Ce serait de fausses sculptures, puisqu’elles sont en carton ?

Disons qu’elles sont trompeuses. On les a dites fausses ces sculptures… Deux questions se superposent. L’une d’ordre général : qu’est-ce qu’une sculpture en tant que catégorie ? Existe-t-il une vraie peinture, un vrai dessin, gravure, dessin, vidéo, etc ? Une installation doit-elle se ranger dans la catégorie sculpture ? Ou encore, les objets fabriqués par l’homme sont-ils des Ready-mades ? Reste que la sculpture existe, la peinture aussi, la gravure, la vidéo, etc. L’art a beau être global, des catégories subsistent effectivement. Peut-on en conclure que tous les objets organisés dans l’espace sont des sculptures ? D’où la seconde question : avons-nous à faire à une sculpture ? Définitivement oui, mais peut-on se fier à la parole de l’auteur ? Est-ce que tailler ou modeler participe de la même conception de la sculpture ? Est-ce que, construire en carton et donner l’apparence d’autres matériaux…
Je dois reconnaître que les sculpteurs, à l’exception de Daniel Pontoreau, ne m’ont pas reconnu d’emblée comme l’un des leurs. Quant aux autres artistes, pouvaient-ils assimiler mes propositions à de la peinture ? Côté collectionneurs, ce n’était pas toujours très évident. L’un d’eux, qui n’est pas des moins fidèles, a renoncé à l’achat d’une de mes pièces en carton car pour lui la sculpture était associée à la notion de pérennité, difficilement applicable à ce matériau. En général, la sculpture en carton n’est pas tellement prise au sérieux. Parfois, elle l’est trop : je me souviens avoir montré des photos de ces sculptures à un galeriste au Canada. Je sentais qu’il appréciait poliment, mais sans plus. Lorsque je lui révélai qu’elles étaient faites de carton, son regard changea du tout au tout. Là, ça l’intéressait. L’illusion de la matière devenait soudainement un argument positif. Et c’est bien pourquoi je lui avais parlé de ce que les photos ne laissaient pas voir. Tout le charme était là. Un peu comme dans l’érotisme, où ce sont les mots que nous associons aux images qui provoquent notre désir.

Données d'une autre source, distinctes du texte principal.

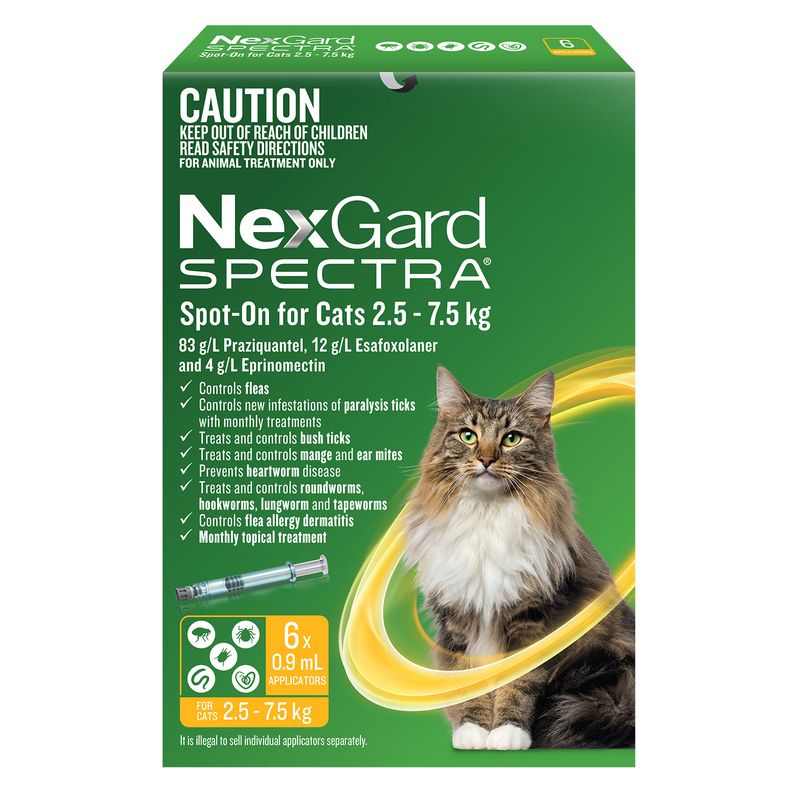 Nexgard Spectra Cat 2.5 - 7.5kg 6pk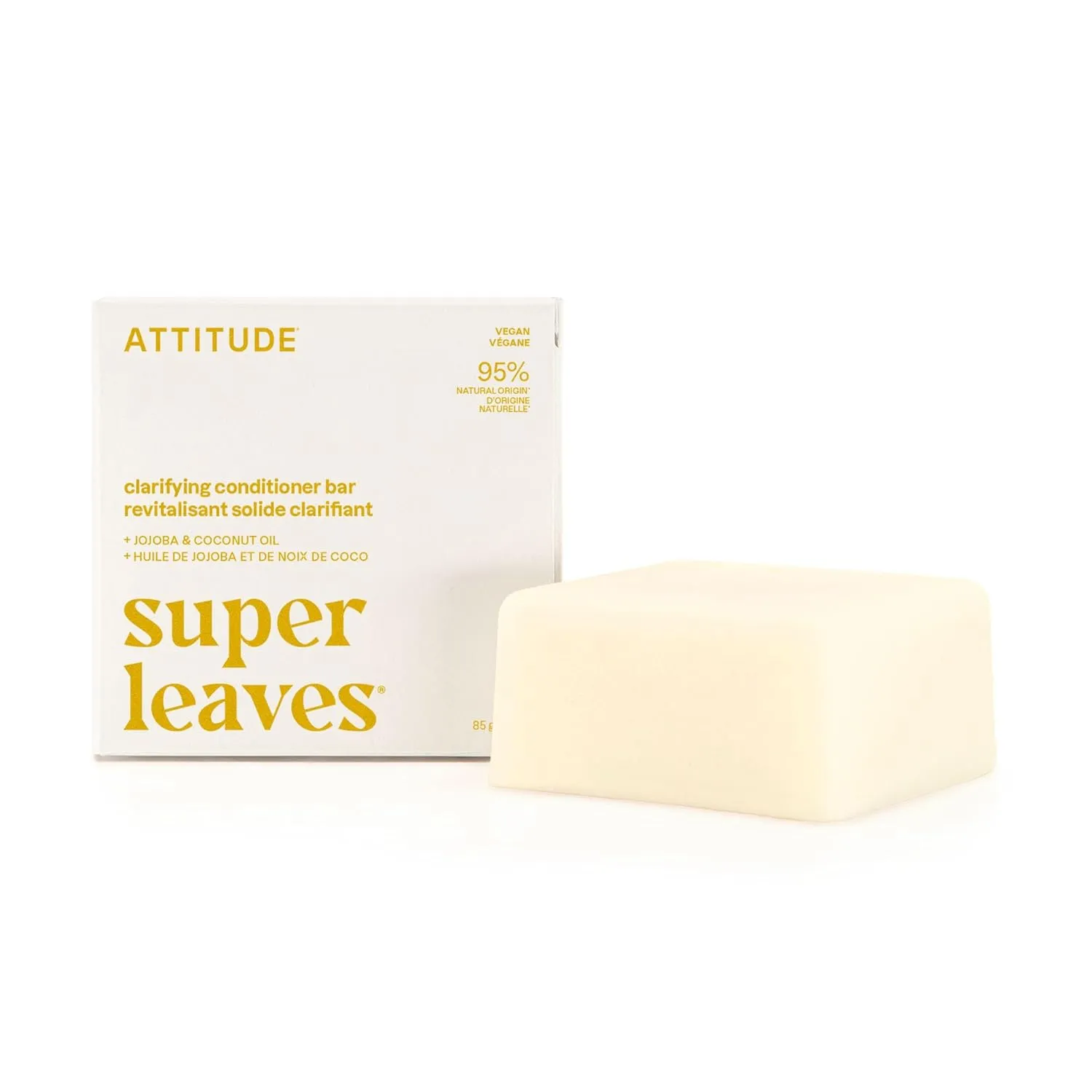 ATTITUDE Clarifying Conditioner Bar, Natural Origin, for Greasy and Oily Hair, Jojoba & Coconut Oil, Clean ingredients, Vegan, Earl Grey & Fresh Cucumber, 3 Oz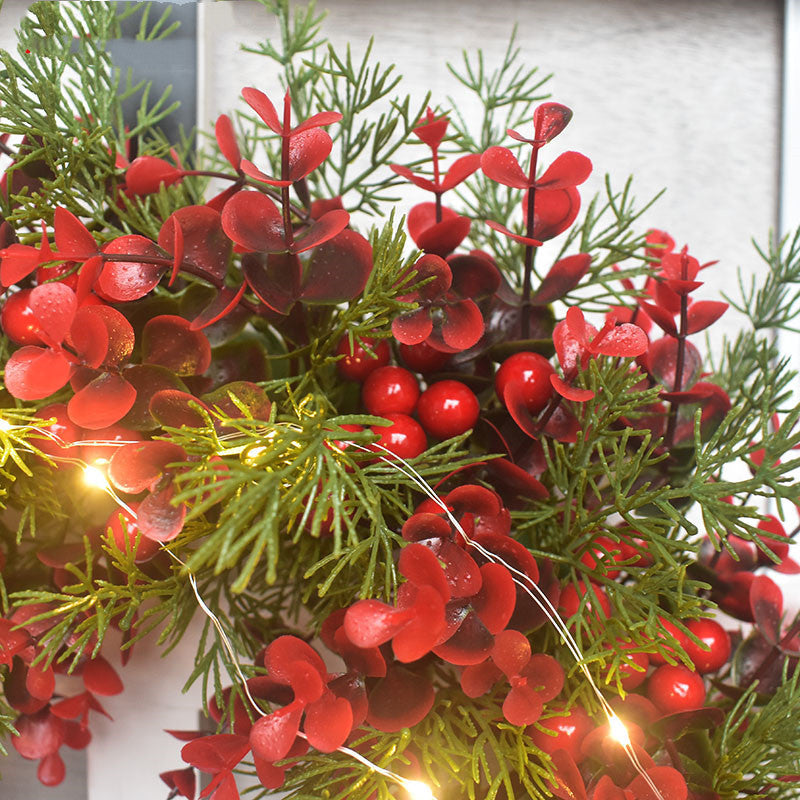 Artificial Cherry Pattern Christmas Wreath – Red Door & Wall Hanging Decoration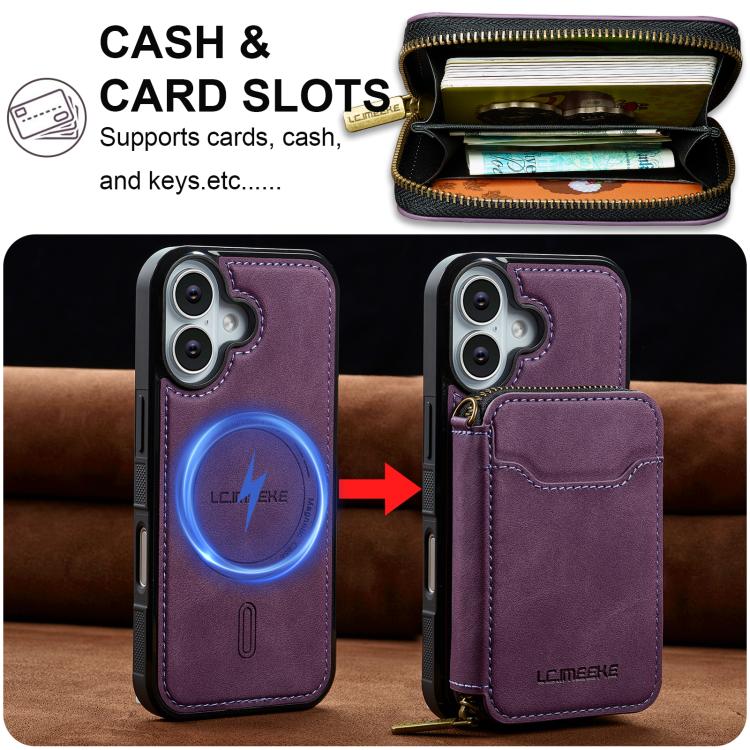 For iPhone 17 LC.IMEEKE L6 Series Zipper Card Bag MagSafe Magnetic Phone Case(Purple) by LC.IMEEKE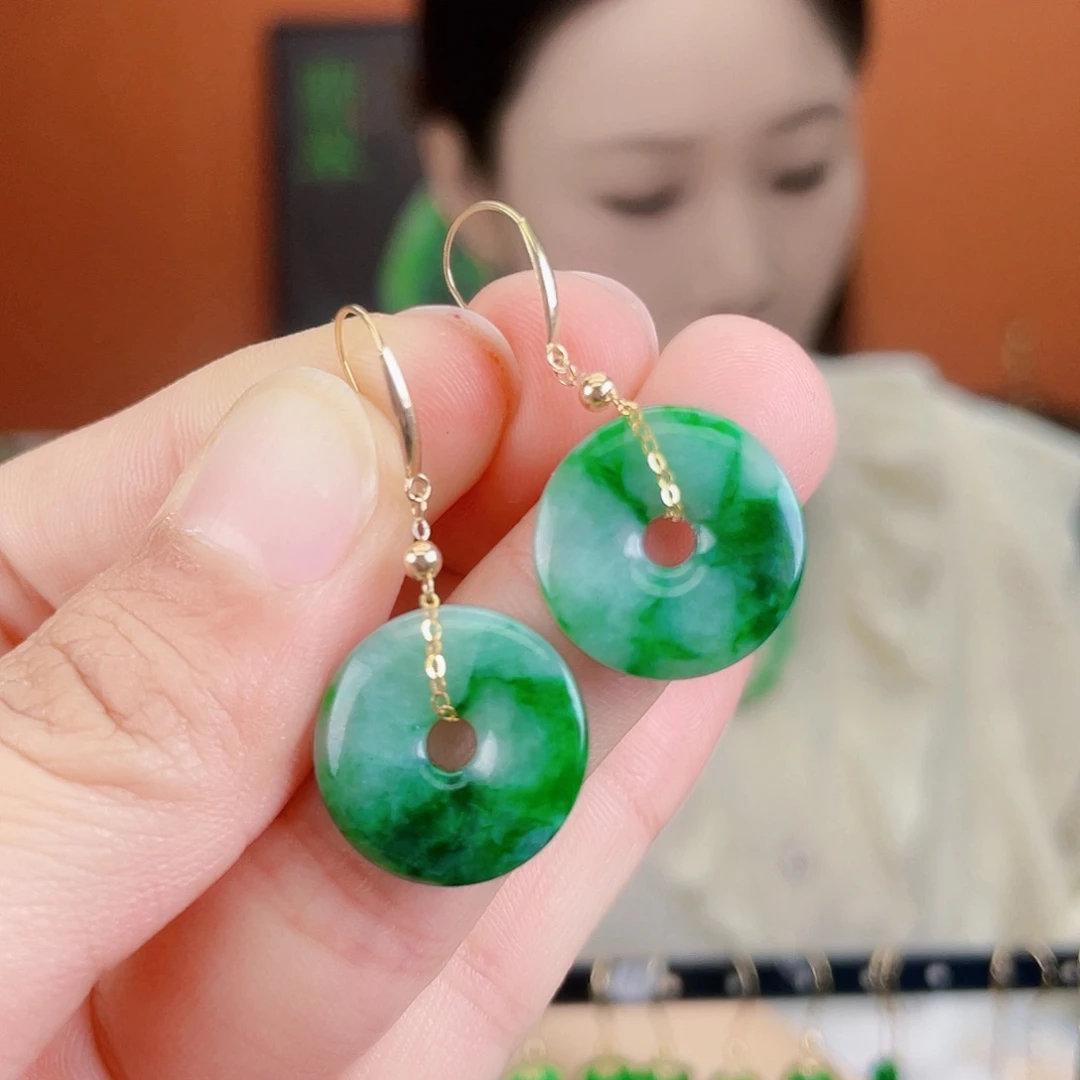 翡翠18K金镶嵌耳饰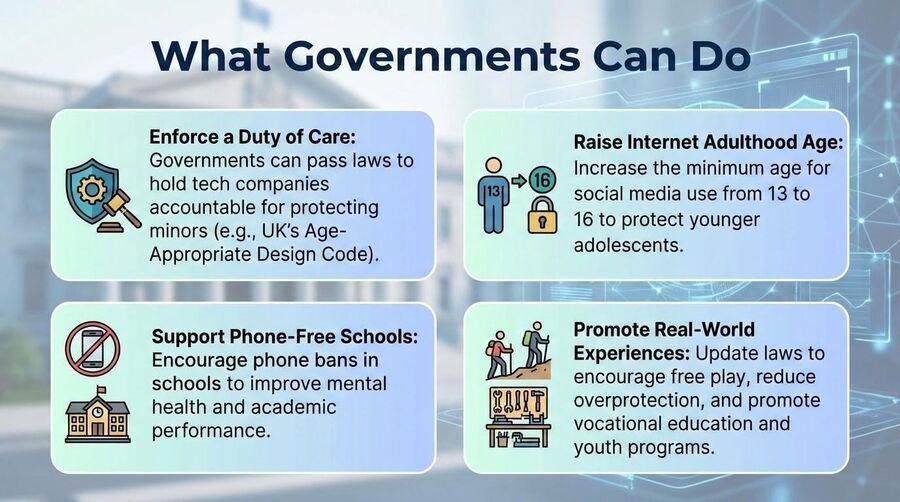 Panel of what governments can do: enforce a duty of care, raise the internet adulthood age, support phone-free schools.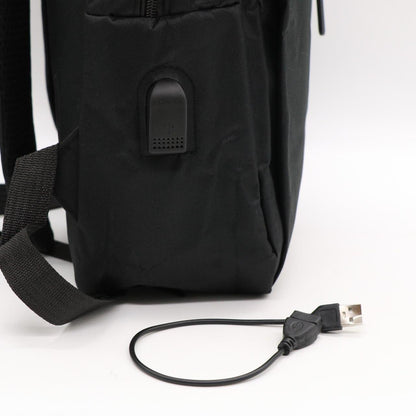 Чоловічий рюкзак 3в1 з сумкою та гаманцем (18л, 42х33х10 см) з USB, Чорний / Шкільний рюкзак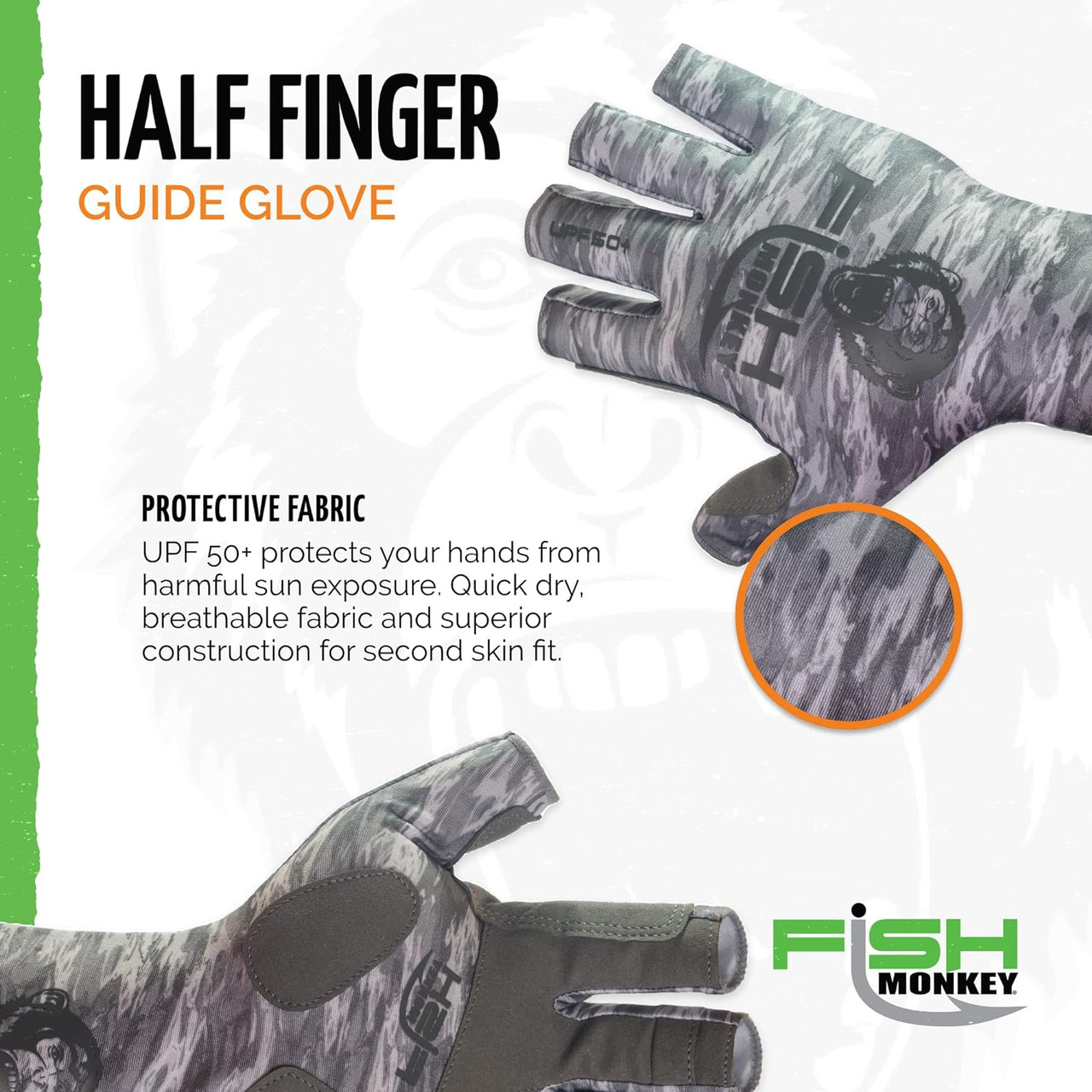 Fish Monkey Gloves Half Finger Guide Glove Grey Water, XL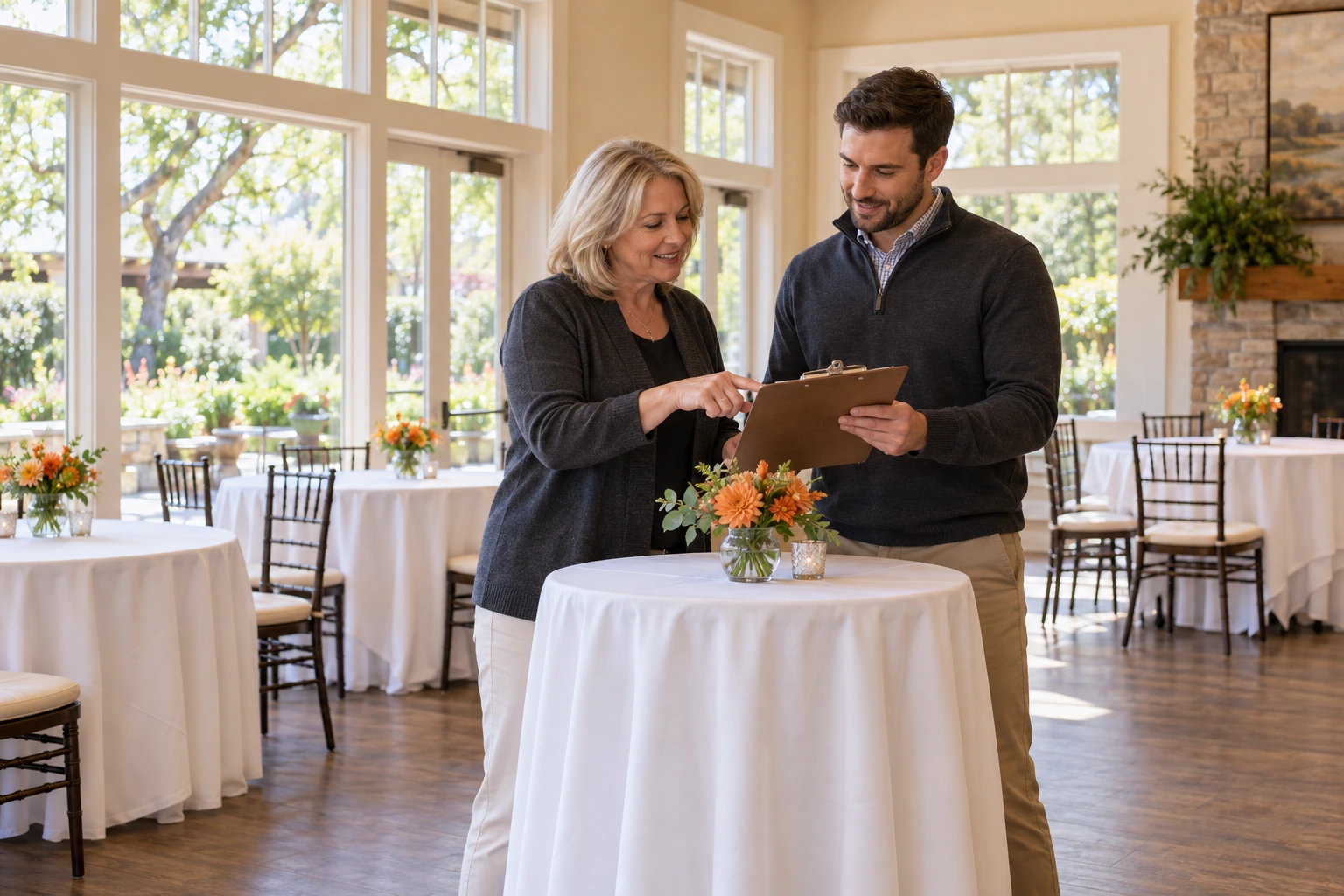 Two association volunteers review a clipboard beside an event setup table in a sunlit clubhouse.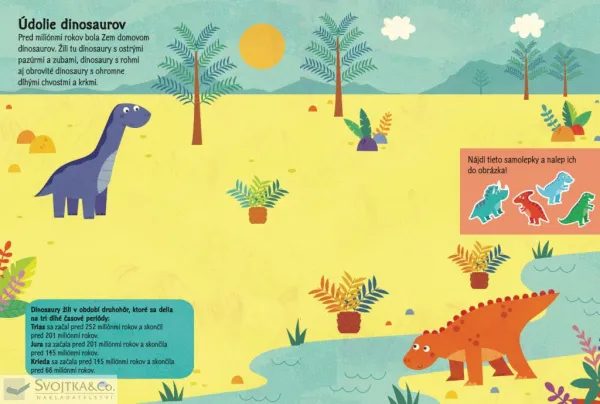 Plstené samolepky – Dinosaury – kniha aktivít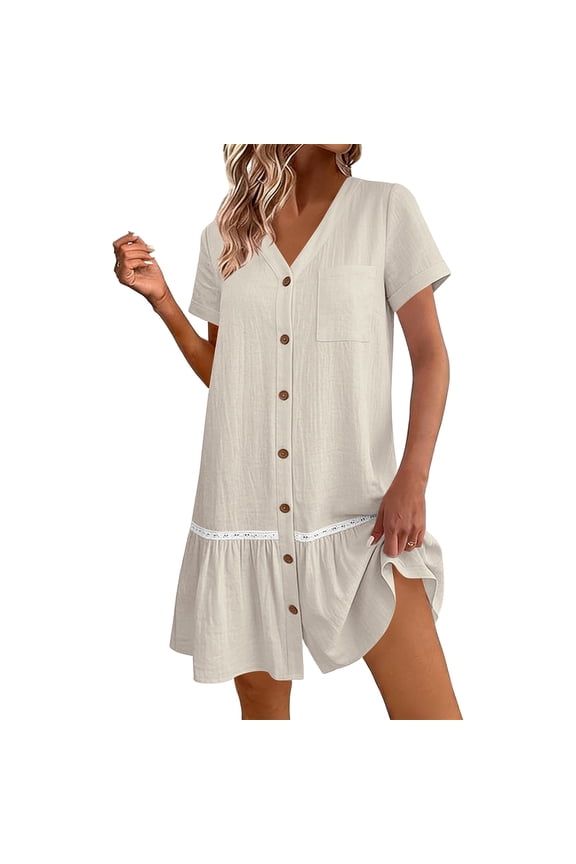 Womens Button Down Mini Dress, V Neck Short Sleeve Lace Border Ruffle Hem Pocket Linen Texture Casual Sundress for Summer Vacation Wear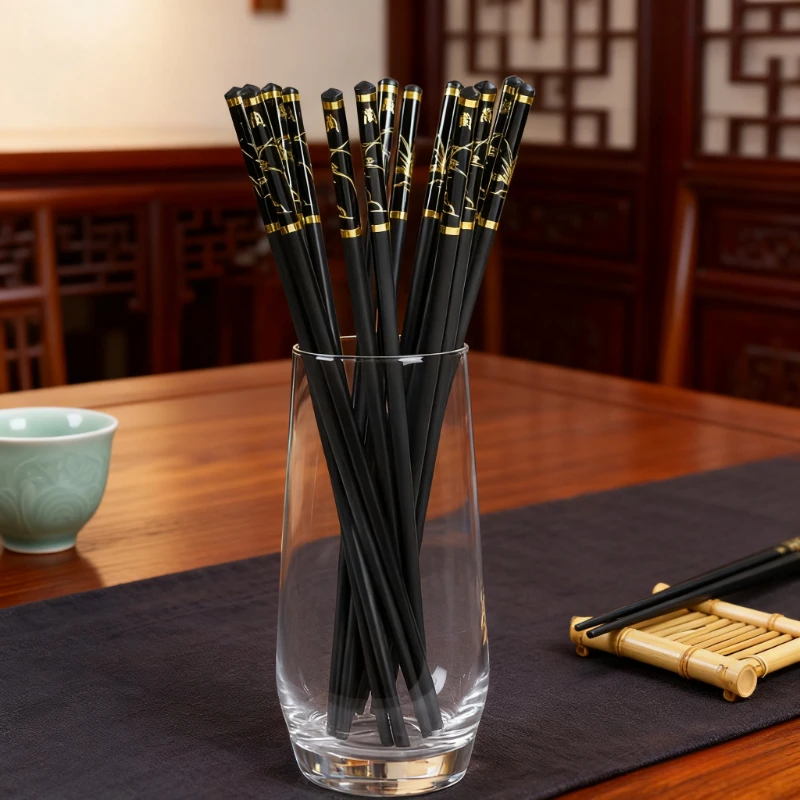 

5 пар палочек для еды 255 мм, китайский креативный дизайн, палочки для еды из сплава с растительным рисунком, домашняя посуда, нескользящая посуда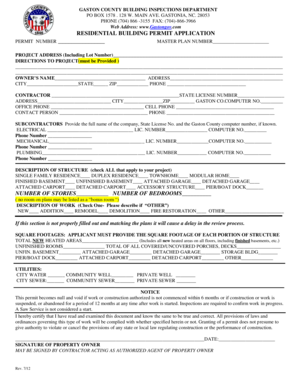 Gaston County Residential Building Permit Application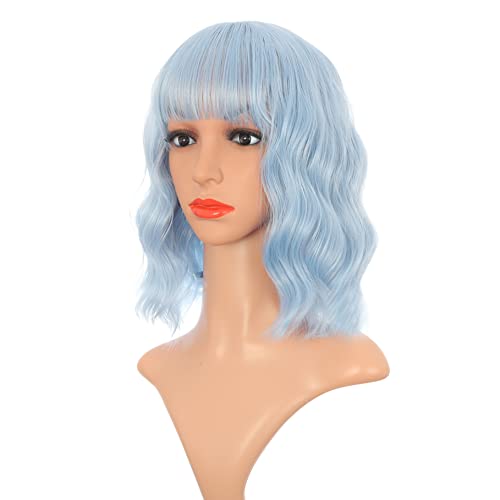Peruca azul claro, peruca azul com franja para mulheres, perucas curtas onduladas e onduladas para mulheres, peruca colorida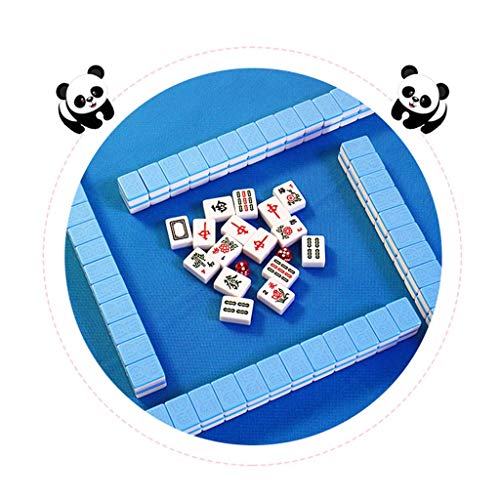 Set pequeño de Mahjong chino para viaje con 144 fichas miniatura 2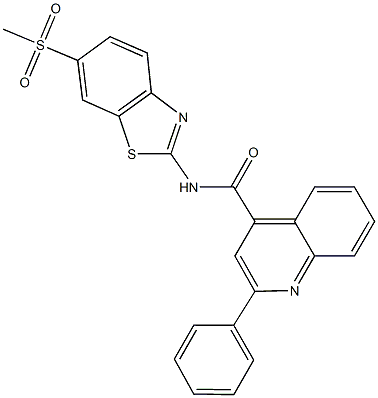 N-[6-(methylsulfonyl)-1,3-benzothiazol-2-yl]-2-phenyl-4-quinolinecarboxamide Struktur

À l’origine de la sculpture, on trouve le dessin…

Le dessin, c’est une façon de désirer la chose avant de la posséder. Il y a deux types de dessins. Celui qui s’apparente au projet de la sculpture, avec des formes dessinées dans l’espace, comme une pré-représentation de l’objet. Parfois ce dessin est très élaboré et même rehaussé à l’aquarelle. En effet, ne sachant pas si je réaliserai chacune de mes esquisses, ne serait-ce que par manque de temps, je voulais les pré-voir le plus précisément possible. Donc, pour quelques-unes, le dessin est très abouti, pour d’autres il est resté à l’état d’esquisse. L’important étant de fixer sur le papier une idée. Mais il est bon parfois de jauger la forme, de l’envisager sous d’autres points de vue, d’en voir les développements possibles. Le dessin sert donc à tester la future sculpture, à voir comment la forme initialement pensée pourrait se décliner. D’autre part je ne devais pas perdre de vue que les formes imaginées allaient être construites à partir de feuilles de carton. C’est donc un peu avant de les réaliser que je faisais un second dessin sur papier kraft, une sorte de plan à l’échelle 1, qui serait par la suite reporté sur les feuilles de carton. Cette nouvelle phase me permettait de redessiner la forme, de la compléter, de la parachever. Mais ces deux dessins ne définissaient pas définitivement la forme. Au moment de la fabrication et de l’ajustement des différents composants, des modifications, dues aux renflements des surfaces courbées, apparaissaient. En construisant la sculpture, j’exécutais les torsions indiquées par le dessin et les dimensions s’en trouvaient modifiées. Alors je devais moduler une dernière fois la forme de chaque élément en le redessinant dans l’espace. En résumé, il y avait trois phases de dessin : projet, plan et exécution.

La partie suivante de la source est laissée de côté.